=== Provided data ===

______________________________

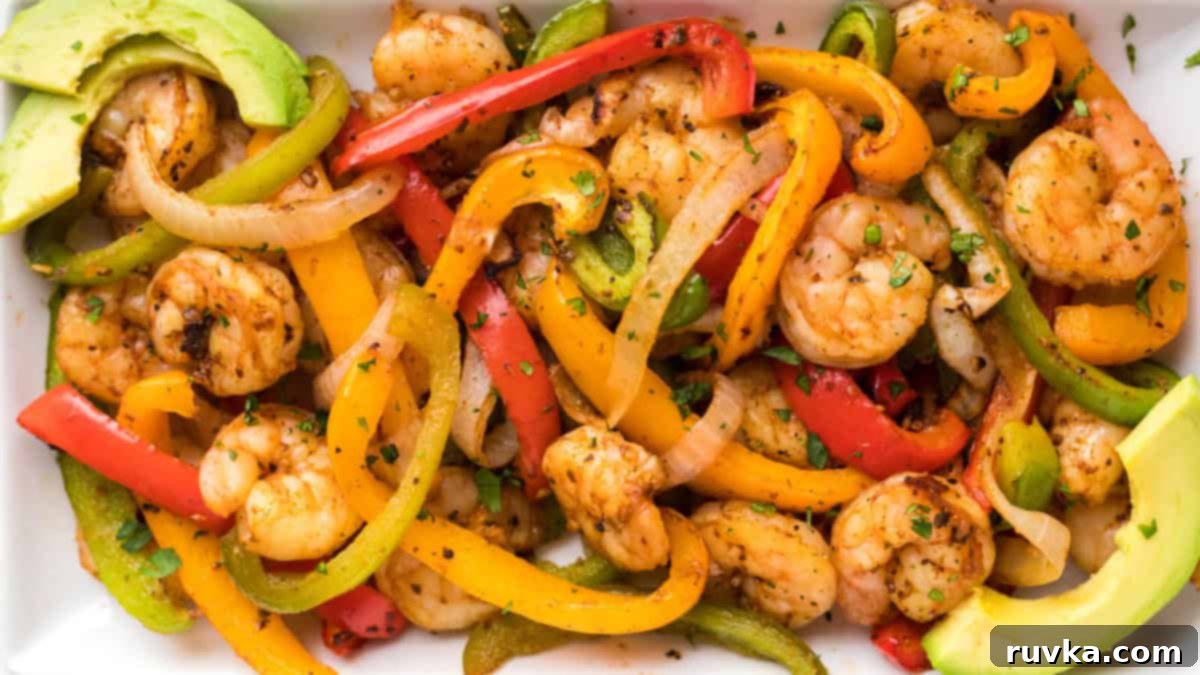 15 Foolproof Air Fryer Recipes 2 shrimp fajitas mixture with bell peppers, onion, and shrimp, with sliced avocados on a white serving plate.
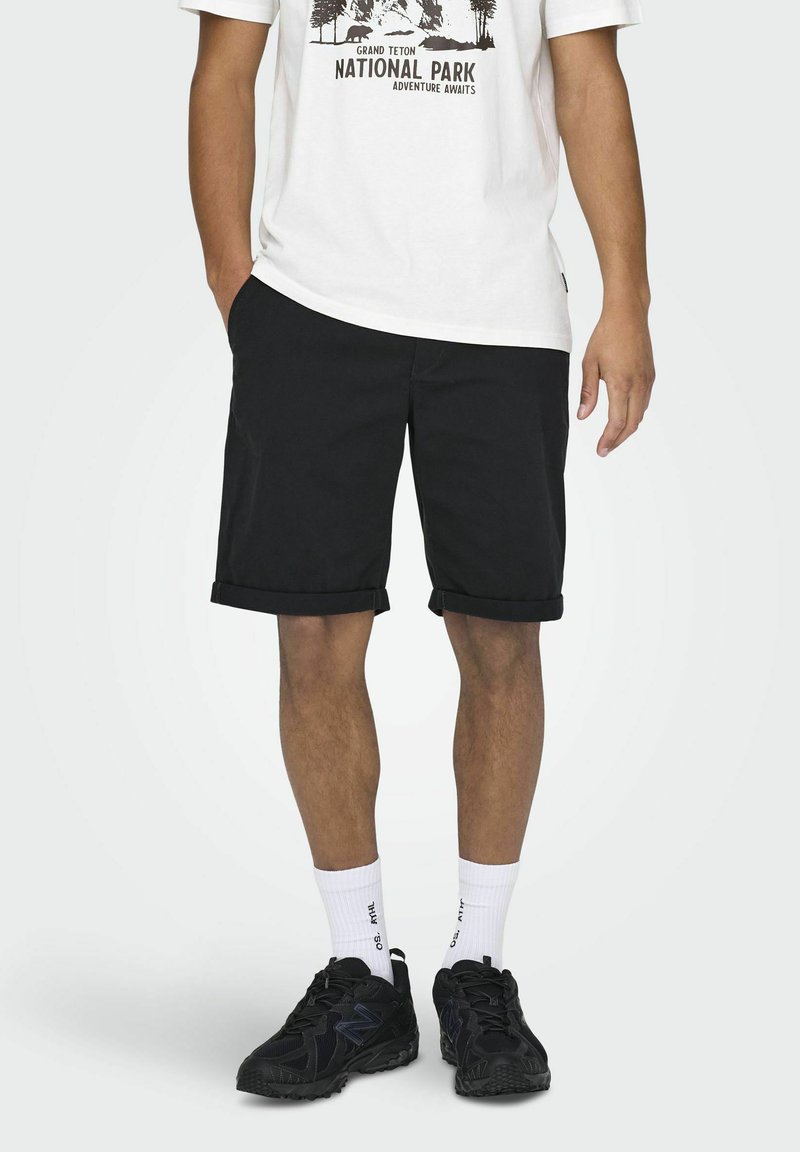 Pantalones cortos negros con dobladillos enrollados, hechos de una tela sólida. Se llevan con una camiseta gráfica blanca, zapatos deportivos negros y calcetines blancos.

______________________________

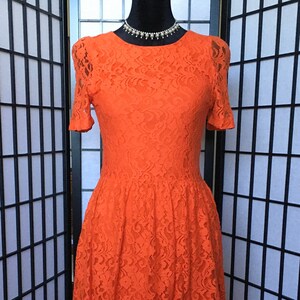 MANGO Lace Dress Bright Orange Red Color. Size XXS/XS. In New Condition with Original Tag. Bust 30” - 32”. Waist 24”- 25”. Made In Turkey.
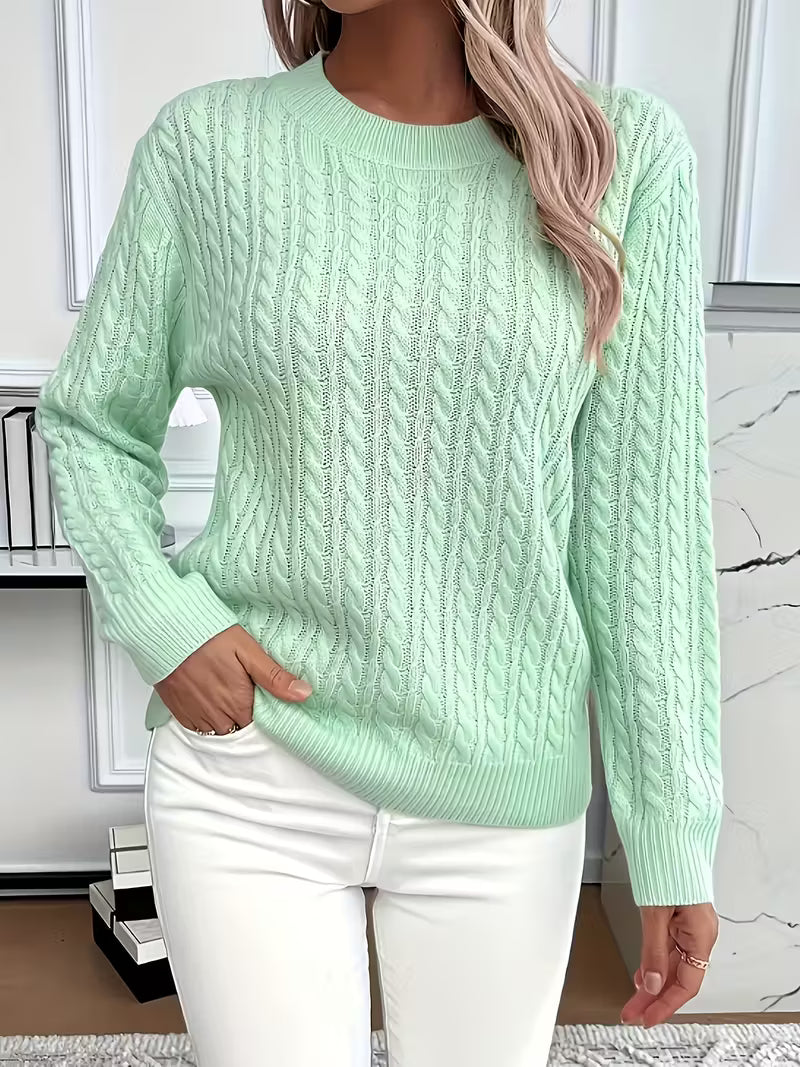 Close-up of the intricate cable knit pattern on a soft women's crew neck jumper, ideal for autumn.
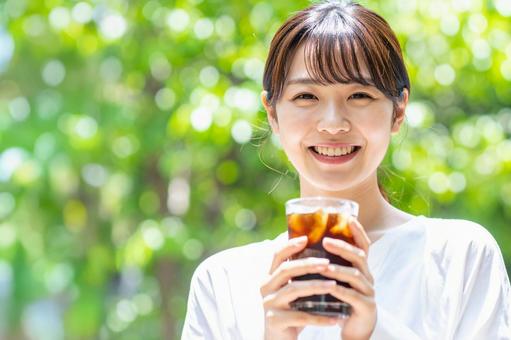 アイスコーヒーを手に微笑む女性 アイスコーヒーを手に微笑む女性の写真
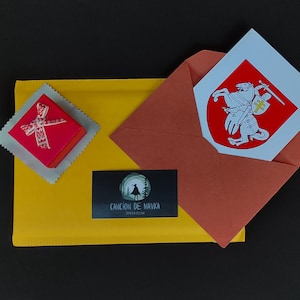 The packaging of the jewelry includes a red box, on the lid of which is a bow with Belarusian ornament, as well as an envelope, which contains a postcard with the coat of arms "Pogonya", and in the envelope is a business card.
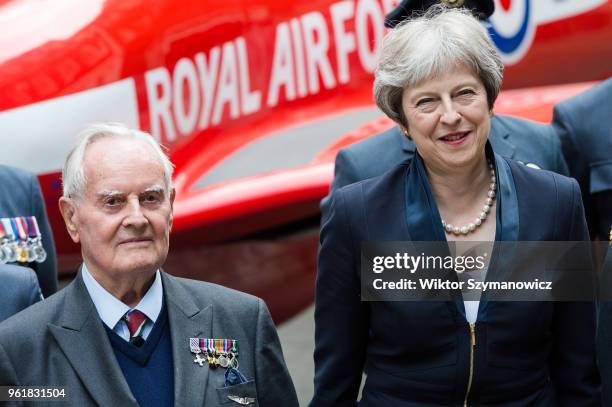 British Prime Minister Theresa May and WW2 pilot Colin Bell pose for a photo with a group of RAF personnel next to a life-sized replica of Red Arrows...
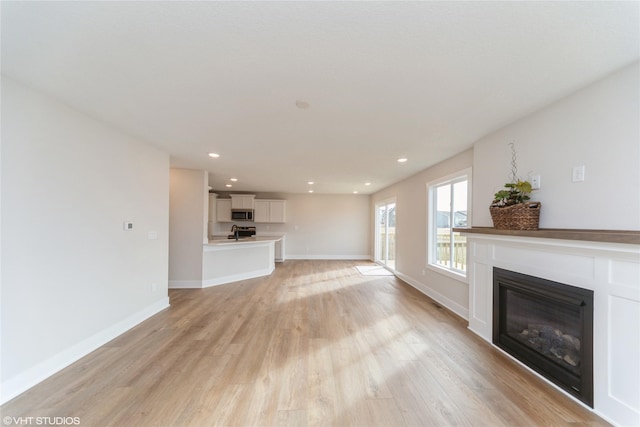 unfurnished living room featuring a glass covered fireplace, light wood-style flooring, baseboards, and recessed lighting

______________________________

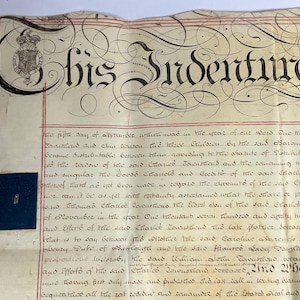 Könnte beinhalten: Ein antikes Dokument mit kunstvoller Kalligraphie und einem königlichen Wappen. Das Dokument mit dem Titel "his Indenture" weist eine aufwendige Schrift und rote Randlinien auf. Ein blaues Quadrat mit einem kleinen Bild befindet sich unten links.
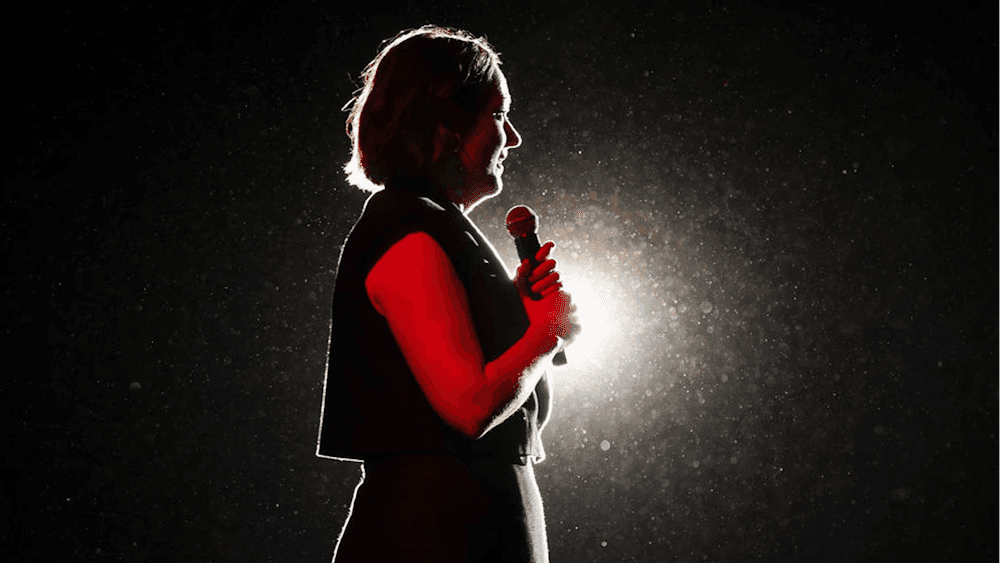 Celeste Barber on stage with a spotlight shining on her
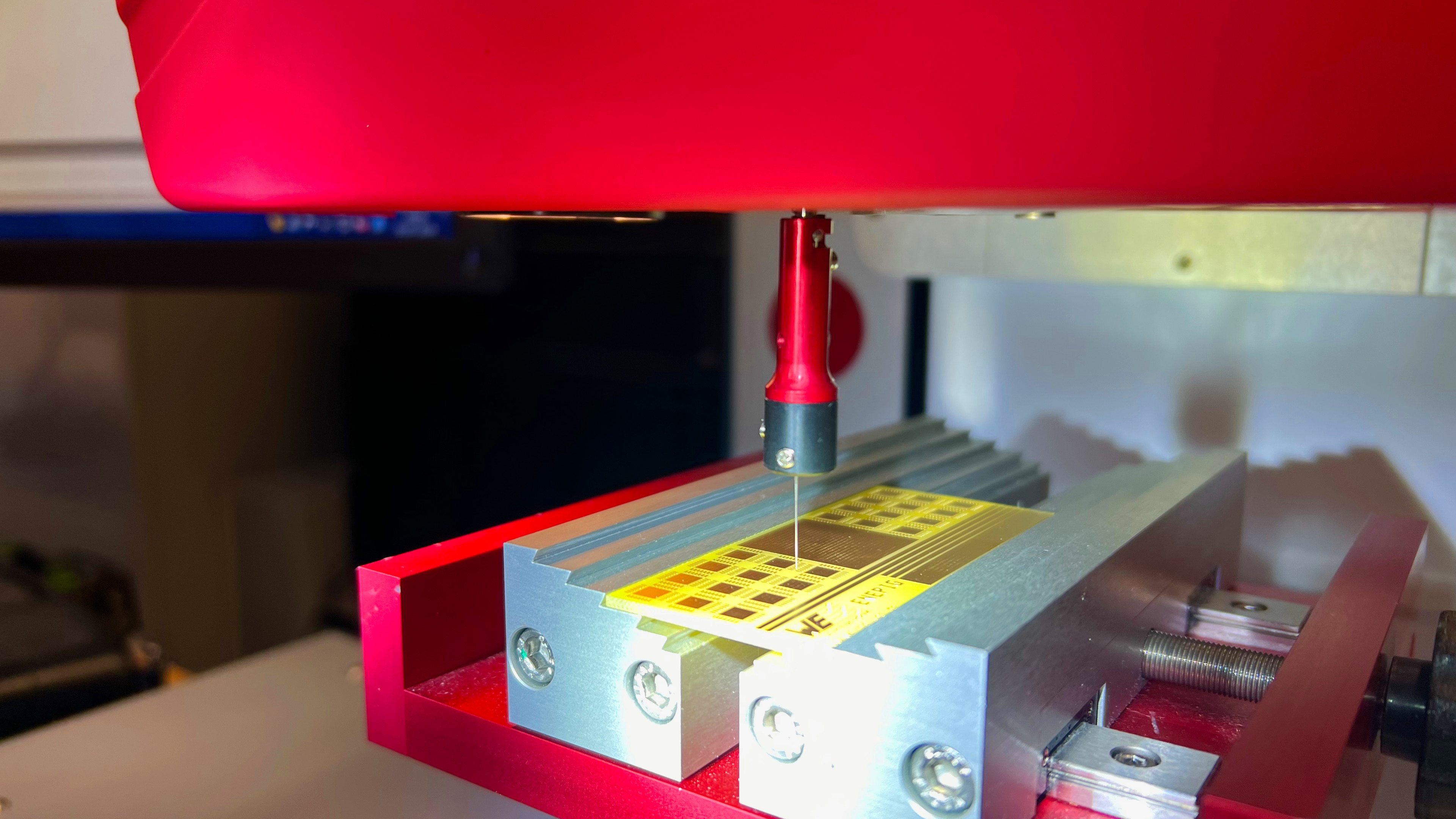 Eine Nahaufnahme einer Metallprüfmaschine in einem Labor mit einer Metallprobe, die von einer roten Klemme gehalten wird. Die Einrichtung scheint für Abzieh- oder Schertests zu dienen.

______________________________

=== What the task requires ===
Above are some records; extract exactly the lines from the one containing "アイスコーヒーを手に微笑む女性 アイスコーヒーを手に微笑む女性の写真" through the one containing "The packaging of" and drop the pictures.

=== Result of the task ===
 アイスコーヒーを手に微笑む女性 アイスコーヒーを手に微笑む女性の写真
 The packaging of the jewelry includes a red box, on the lid of which is a bow with Belarusian ornament, as well as an envelope, which contains a postcard with the coat of arms "Pogonya", and in the envelope is a business card.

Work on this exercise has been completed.